Heavy Metal Poisoning¶
Chapter 469 | Part 14: Poisoning, Drug Overdose, and Envenomation
KEY CLINICAL POINTS¶
- Heavy metals (arsenic, lead, mercury, cadmium) are among the top 10 chemicals of highest health concern globally, with significant environmental and occupational exposure risks.
- Chelation therapy (dimercaprol, DMSA, CaEDTA) is critical for acute poisoning, but chronic low-level exposure contributes to cardiovascular disease, hypertension, and neurodevelopmental delays.
- Arsenic exposure is linked to skin, lung, and bladder cancers, while cadmium causes renal failure, osteomalacia, and cardiovascular mortality.
- Lead toxicity in children causes neurodevelopmental delays, and maternal bone lead levels predict lower birth weight and neurodevelopmental deficits.

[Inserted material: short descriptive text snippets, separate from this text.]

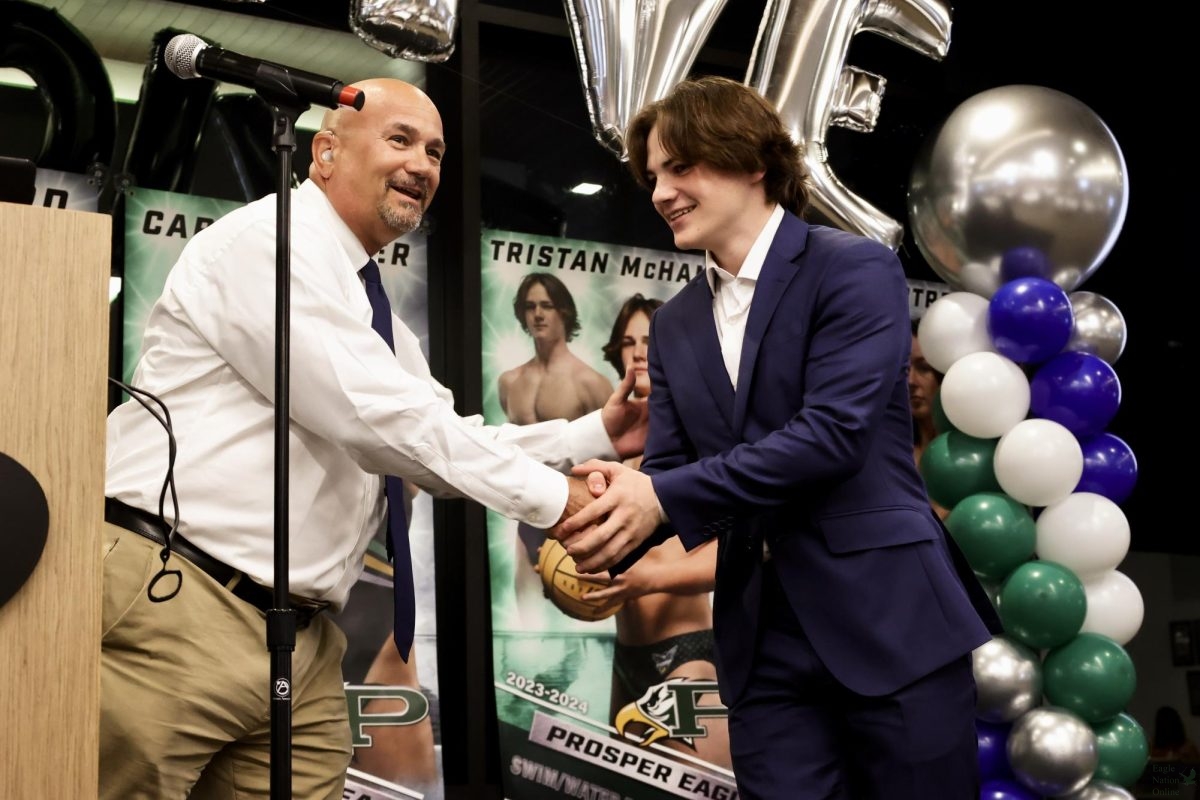 Shaking hands with the diving coach, sophomore Pierce McHam received the Best Diver Award. Some teammates recieved awards for their performance throughout the year as a player and as a teammate. The banquet took place in the community room at Childrens Health Stadium.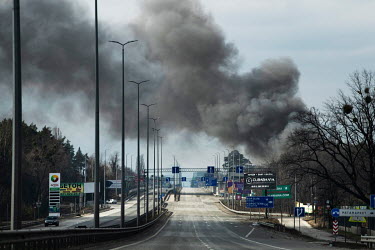 A thick plume of smoke rises near the main E40 highway at Stoyanka from Kyiv, looking west to Poland and the Belarus border. It is now no longer secure, with several towns to the north of this directl...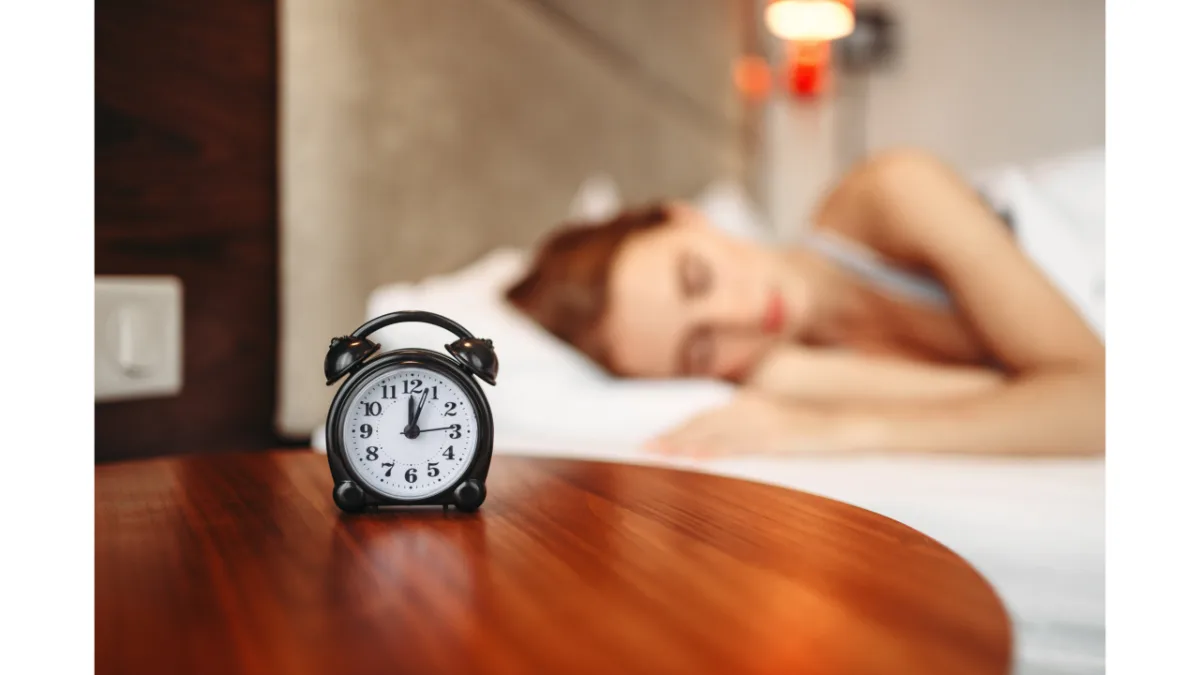 Schlafende Frau im Bett, im Vordergrund ein Wecker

- Mercury poisoning (organic and inorganic) leads to CNS dysfunction, with dimethylmercury being 'supertoxic' and requiring immediate chelation.
1. DEFINITION & OVERVIEW¶
Heavy metal poisoning refers to toxic effects from exposure to metals such as arsenic, lead, mercury, and cadmium. These metals are classified as xenobiotics with potential toxicity at any exposure level. Chronic low-level exposure contributes to cardiovascular disease, hypertension, and neurodevelopmental disorders. Acute poisoning requires immediate chelation therapy, while chronic exposure necessitates environmental intervention and nutritional support.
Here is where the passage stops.